The yeast culture Saccharomyces cerevisiae CNMN-Y-20, grown submerged on beer wort for 24 hours, at a temperature of 25° C, is subjected to the action of millimeter waves with a frequency of 53.3 GHz, emitted continuously, for 30 min . After irradiation, the seed material (2x106 cells ml-1), in a concentration of 5% on a volumetric basis, is transferred to the sterile Rieder nutrient medium with the following composition, g L-1: glucose - 30.0; (NH4)2SO4 - 3.0; MgSO4·7H2O - 0.7; KH2PO4 - 1.0; NaCl - 0.5; Ca(NO3)2 - 0.4; yeast autolysate - 10 ml; drinking water - 1000 ml. Cultivation is carried out under conditions of continuous agitation (200 rpm), in Erlenmayer flasks with a capacity of 1.0 L, at a temperature of 25°C, duration of cultivation - 120 hours.

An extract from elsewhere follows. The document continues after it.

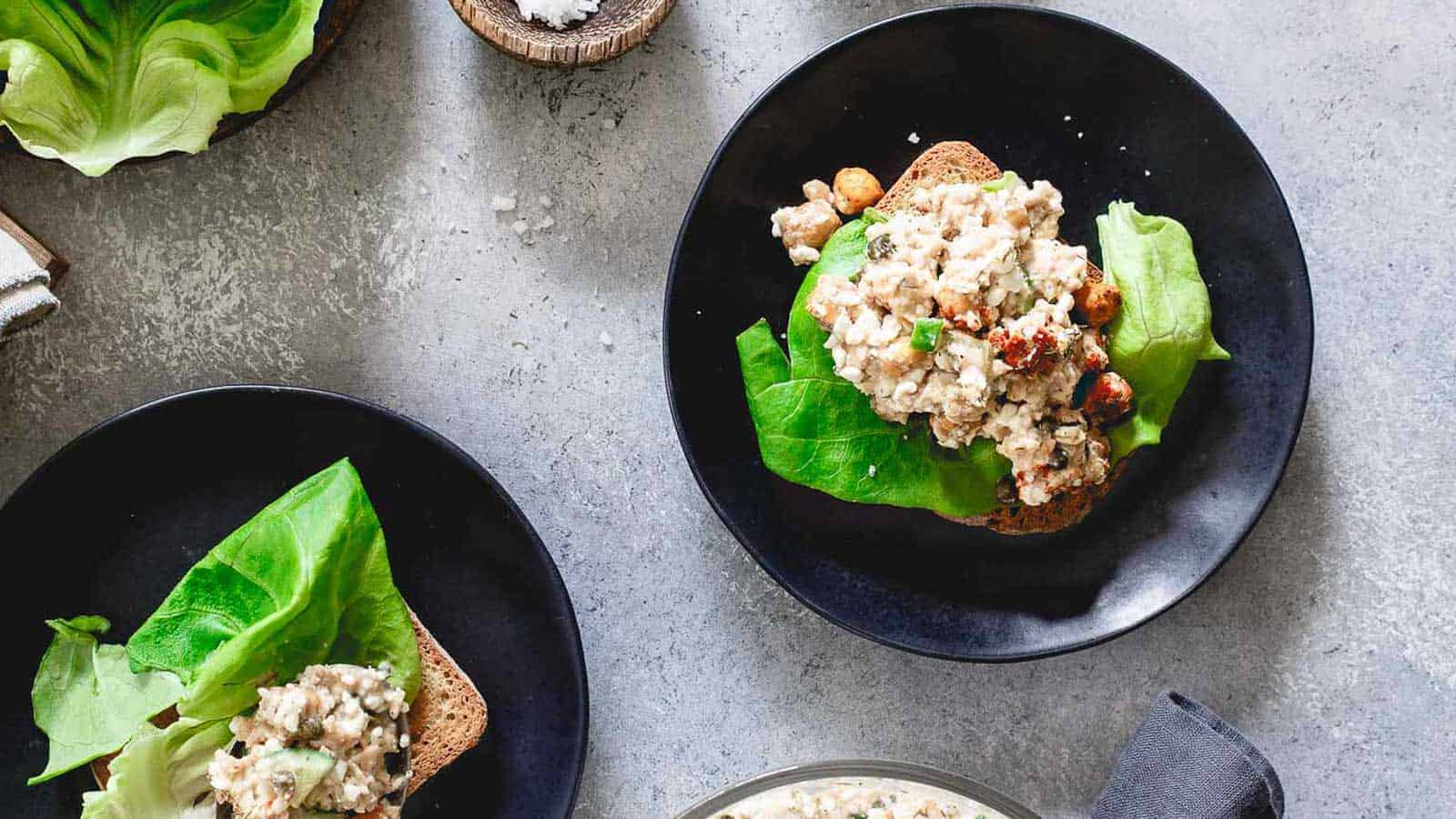 Dijon dill salmon salad with roasted chickpeas on a lettuce wrap.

The content of β-glucans is 23.99±0.91% in dry biomass, which exceeds by 6.6% the content determined when growing the stem under close conditions.

Table

The influence of ultrahigh intensity millimeter waves on the biosynthesis of β-glucans in the strain Saccharomyces cerevisiae CNMN-Y- 20

Variants Duration of irradiation, min YPD culture medium Rieder culture medium Content of β-glucans, % in B.U. X±xS % compared to the nearest solution Spor, % The content of β-glucans, % in B.U. X±xS % compared to the closest solution Spor, % 53.3 GHz* 10 19.36±0.53 125.8 25.8 21.76±0.43 - - The closest solution * * 15.38 ±0.14 100 - 22.50±1.41 100 - 53.3 GHz* 20 19.34±0.82 125.7 25.7 26.43±0.73 117.5 17.5 The best solution close * * 15.38±0.14 100 22.50±1.41 100 - 53.3 GHz* 30 19.11±3.25 124.2 24.2 23.99±0.91 106.6 6 ,6 The closest solution * * 15.38±0.14 100 22.50±1.41 100 -

* Yeast culture irradiated with millimeter waves of extra high intensity

** Yeast culture not irradiated with extra high intensity millimeter waves

X±xS indicates the mean value and standard deviation

1. Desai Kiran M. Bhalchandra K. Vaidya, Rekha S. Singhal, Sunil S. Bhagwat. Use of an artificial neural network in modeling yeast biomass and yield of b-glucan. Process Biochemistry, 2005, 40, pp. 1617-1626

2. MD 4048 B1 2010.06.30

Claims (1)

Cultivation process of the yeast strain Saccharomyces cerevisiae CNMN-Y-20, which consists in cultivating the yeasts on beer wort for 24 hours, at a temperature of 25°C, then irradiating them with millimeter waves with a frequency of 53, 3 GHz, emitted continuously for 20 min, after which the yeast culture, with a concentration of 2x106 cells/ml, is transferred to the sterile nutrient medium YPD or Rieder in an amount of 5%vol. and cultivated in depth under conditions of continuous stirring of 200 r.p.m., at a temperature of 25°C, for 120 hours.